Thu. Feb 25th, 2021

Teaspoon of instant coffee from above with the jar of coffee below.

CAFÉ SOLUBLE

El café soluble (o instantáneo) comienza su largo procesamiento mediante una extracción en etapas que lo somete a altas temperaturas (superiores a los 150°C) y presiones para obtener un líquido con una elevada concentración de sólidos, el cual posteriormente se filtra en forma centrífuga, o con técnicas más sofisticadas como el congelamiento o la evaporación. Este concentrado de café se somete posteriormente a distintos procesos industriales para intentar restablecer los componentes aromáticos y de sabor perdidos durante el agresivo proceso de extracción y que se recuperan con el uso de gases, solventes, presión y otros métodos químicos. Finalmente, el líquido concentrado se debe deshidratar, lo cual se logra con calor o por congelamiento. Con el método por calor, el café líquido se pulveriza a más de 20 metros de altura dentro de una torre de secado y la elevada temperatura produce la evaporación de los líquidos durante la caída.
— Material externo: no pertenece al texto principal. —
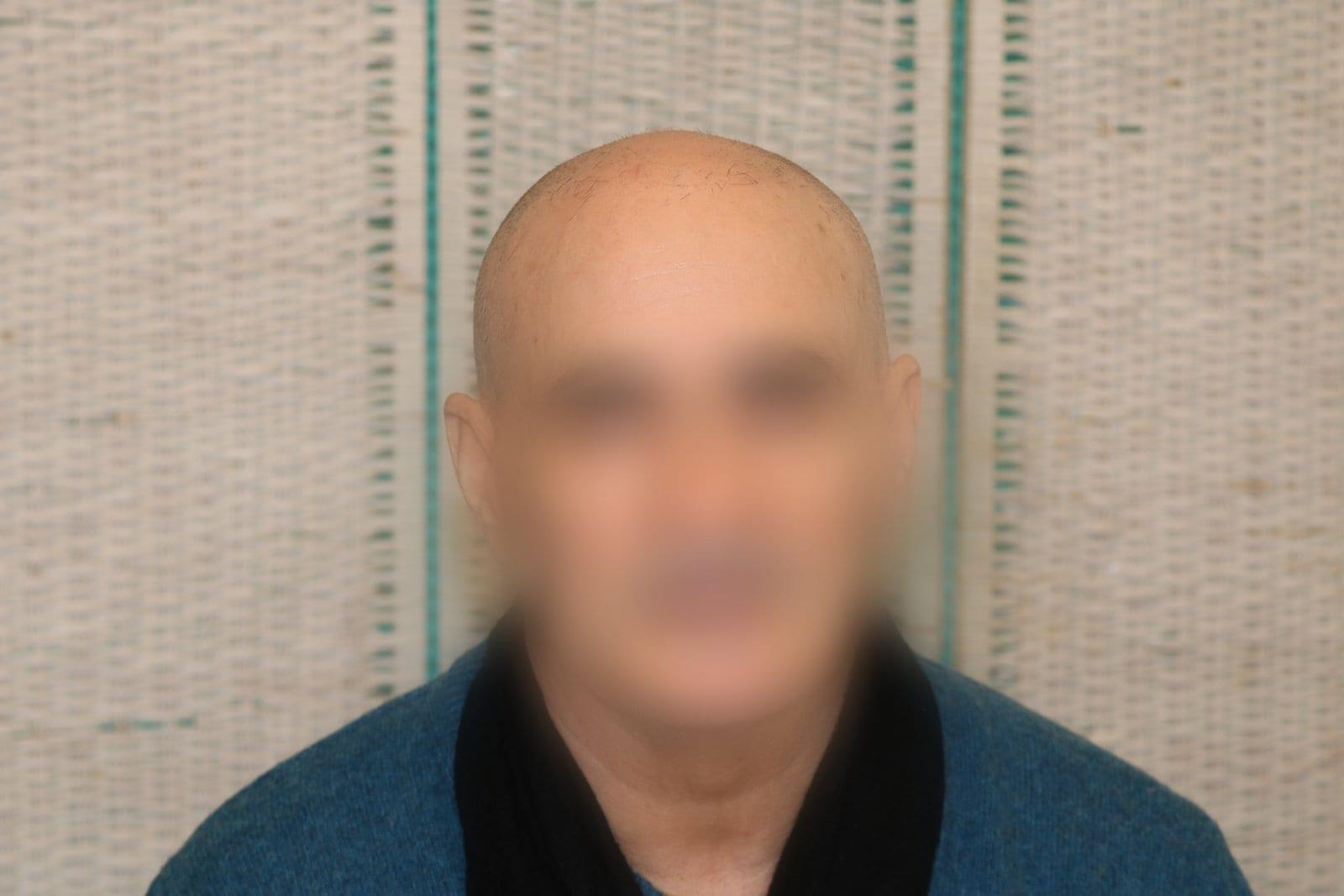 Prima: tricopigmentazione effetto rasato a Firenze — Caso Prima / Dopo #27 (foto 2)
Al llegar a la parte inferior de la torre solo quedan los sólidos, que luego se humedecen nuevamente para formar los conocidos gránulos de café soluble. El procesamiento por congelamiento es algo más complicado y costoso; el café concentrado se congela en una serie de pasos que llegan a temperaturas de hasta -50°C, luego estos trozos congelados se rompen en partículas de un tamaño específico para que, al introducirlos en una cámara de secado por calor, el hielo se vaporice y permita la separación de las partículas de café. Antes del empaque final usualmente se le agregan al café componentes aromáticos, y se lo trata con gases como nitrógeno o dióxido de carbono para que se mantenga seco. Al llegar a la taza del consumidor, el café soluble (en general robusta de baja calidad y recolectado en cualquier estado de madurez) fue sometido repetidamente a temperaturas superiores a los 150°C, altísimas presiones, centrifugado, pulverización, precipitación, congelamiento a temperaturas de hasta -50°C, separación mecánica, tratamiento con gases e innumerables procesos químicos… Esto explica bastante el porqué de su amargo carácter.